<<<<

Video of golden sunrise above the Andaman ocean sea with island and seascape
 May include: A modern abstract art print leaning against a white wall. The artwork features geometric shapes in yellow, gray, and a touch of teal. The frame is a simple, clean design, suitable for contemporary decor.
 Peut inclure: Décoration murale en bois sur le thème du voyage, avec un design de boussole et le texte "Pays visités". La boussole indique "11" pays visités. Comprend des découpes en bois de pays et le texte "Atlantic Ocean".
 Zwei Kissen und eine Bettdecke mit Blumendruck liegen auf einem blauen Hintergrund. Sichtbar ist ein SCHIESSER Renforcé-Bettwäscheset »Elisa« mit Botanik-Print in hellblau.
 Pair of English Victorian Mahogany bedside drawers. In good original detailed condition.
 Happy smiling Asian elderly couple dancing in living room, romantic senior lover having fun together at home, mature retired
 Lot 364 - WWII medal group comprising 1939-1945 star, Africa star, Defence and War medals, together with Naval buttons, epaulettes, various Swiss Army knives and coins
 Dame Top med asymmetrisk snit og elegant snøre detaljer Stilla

>>>>

From the data above, gather every line that includes the word "together".

 Happy smiling Asian elderly couple dancing in living room, romantic senior lover having fun together at home, mature retired
 Lot 364 - WWII medal group comprising 1939-1945 star, Africa star, Defence and War medals, together with Naval buttons, epaulettes, various Swiss Army knives and coins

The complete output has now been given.